Dando's first job was as a trainee reporter for the local weekly newspaper, the Weston Mercury, where her father and brother worked. After five years as a print journalist, she started to work for the BBC becoming a newsreader for BBC Radio Devon in 1985. That year, she transferred to BBC South West, where she presented a regional news magazine programme, Spotlight South West. In 1987, she worked for Television South West, then worked for BBC Spotlight in Plymouth.[1] In early 1988, Dando moved from regional to national television in London to present BBC television news, specifically the short on-the-hour bulletins that aired on both BBC1 and BBC2 from 1986 until the mid-1990s.
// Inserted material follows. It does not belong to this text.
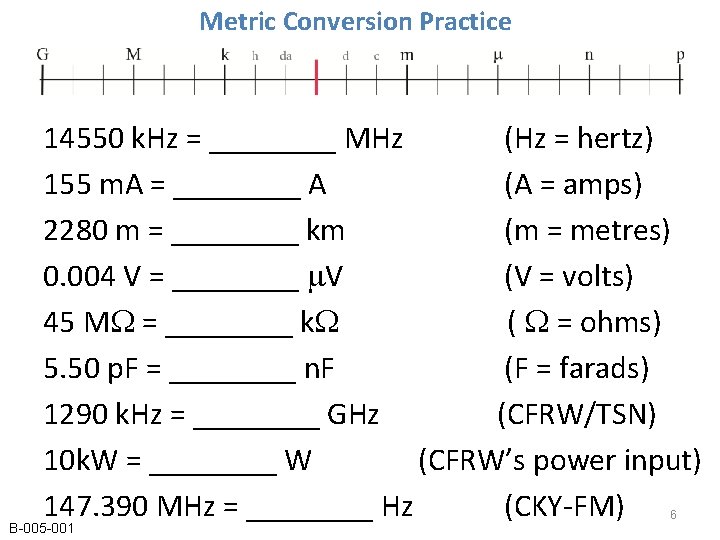 Metric Conversion Practice 14550 k. Hz = ____ MHz (Hz = hertz) 155 m. Metric Conversion Practice 14550 k. Hz = ____ MHz (Hz = hertz) 155 m.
Dando presented the BBC television programmes Breakfast Time, Breakfast News, the BBC One O'Clock News, the Six O'Clock News, the travel programme Holiday, the crime appeal series Crimewatch (from 1995 until her death) and occasionally Songs of Praise. In 1994, she moved to Fulham.[3] On 25 April 1999, Dando presented the first episode of The Antiques Inspectors.[7] She was scheduled to present the Six O'Clock News on the evening of the following day.[5] She was featured on the cover of that week's Radio Timesmagazine (for 24 to 30 April).[8]

At the time of her death, she was among those with the highest profile of the BBC's on-screen staff, and had been the 1997 BBC Personality of the Year.[9] Crimewatch reconstructed her murder in an attempt to aid the police in the search for her killer. After Barry George was charged with the murder but acquitted, Crimewatch made no further appeals for information concerning the case.


Personal life

Dando was a devout Baptist.[1] From 1989 to 1996, she dated BBC executive Bob Wheaton.[1][3] She also had a relationship with national park warden Simon Basil.[1] In December 1997, Dando met gynaecologist Alan Farthing on a blind date set up by a mutual friend. Farthing was separated from his wife at the time.[10] Farthing's divorce was finalised in November 1998.[11] Dando and Farthing announced that they were engaged on 31 January 1999.[10][11] Their wedding was set to take place on 25 September of that year.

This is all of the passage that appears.